| RECORDS FOR THE TASK |
Start of Block
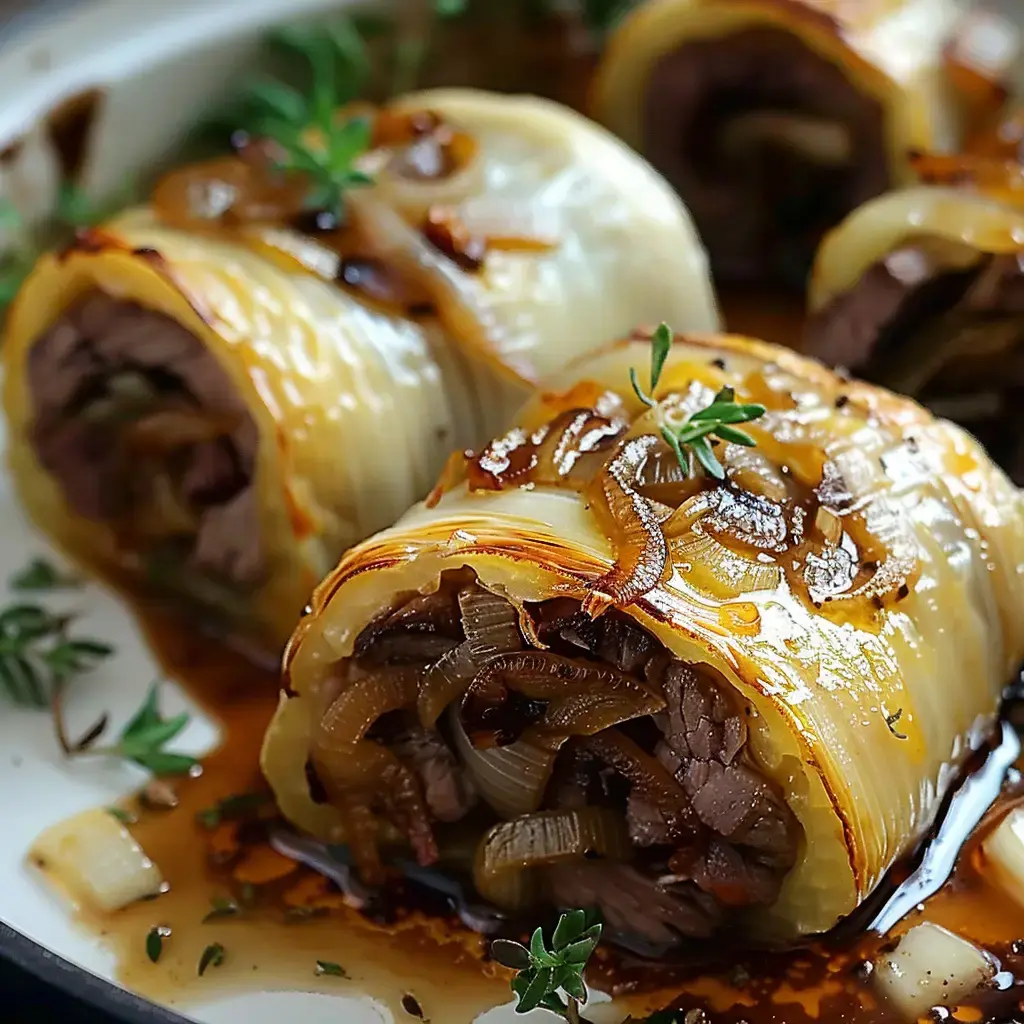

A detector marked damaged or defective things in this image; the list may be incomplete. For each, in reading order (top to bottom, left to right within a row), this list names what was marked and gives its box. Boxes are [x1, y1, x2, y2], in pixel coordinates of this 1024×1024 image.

charred browned spot [45, 87, 103, 182]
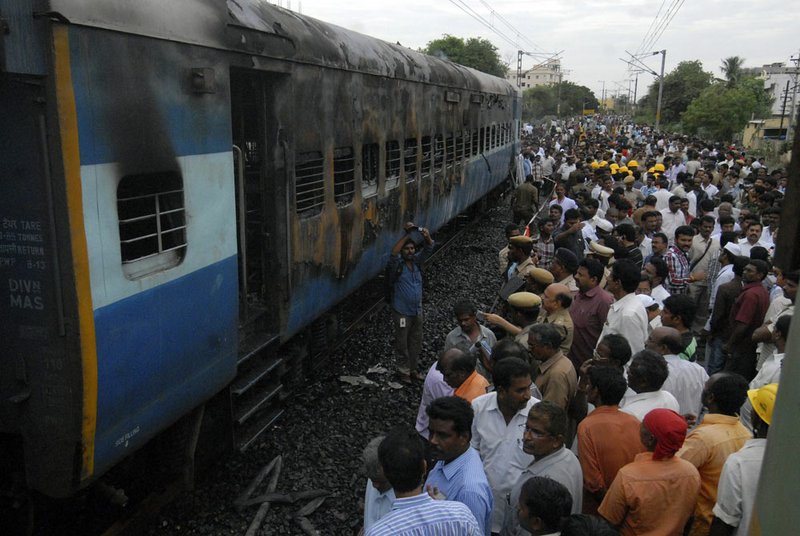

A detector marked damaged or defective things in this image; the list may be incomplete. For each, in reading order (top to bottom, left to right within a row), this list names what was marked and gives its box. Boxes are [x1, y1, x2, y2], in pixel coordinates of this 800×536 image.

charred train coach [0, 0, 520, 498]
burnt railway carriage [0, 0, 520, 498]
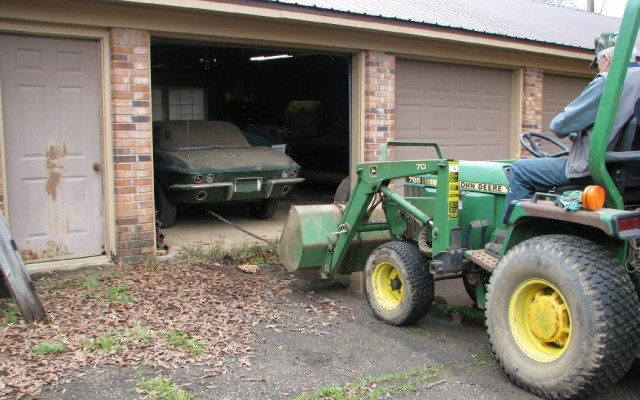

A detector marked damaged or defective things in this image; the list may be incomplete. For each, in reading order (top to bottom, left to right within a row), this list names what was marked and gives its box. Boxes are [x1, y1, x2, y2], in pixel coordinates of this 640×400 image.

rusty green corvette [154, 120, 304, 227]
End of Block
Give back exactly the lines from the line with "this 800×536 image." through the end of the material above, and omit every picture.

| ANSWER TO THIS TASK |
A detector marked damaged or defective things in this image; the list may be incomplete. For each, in reading order (top to bottom, left to right within a row), this list names what was marked and gives its box. Boxes are [x1, y1, x2, y2], in pixel coordinates of this 800×536 image.

charred train coach [0, 0, 520, 498]
burnt railway carriage [0, 0, 520, 498]

A detector marked damaged or defective things in this image; the list may be incomplete. For each, in reading order (top to bottom, left to right within a row), this list names what was marked and gives its box. Boxes are [x1, y1, x2, y2], in pixel coordinates of this 640×400 image.

rusty green corvette [154, 120, 304, 227]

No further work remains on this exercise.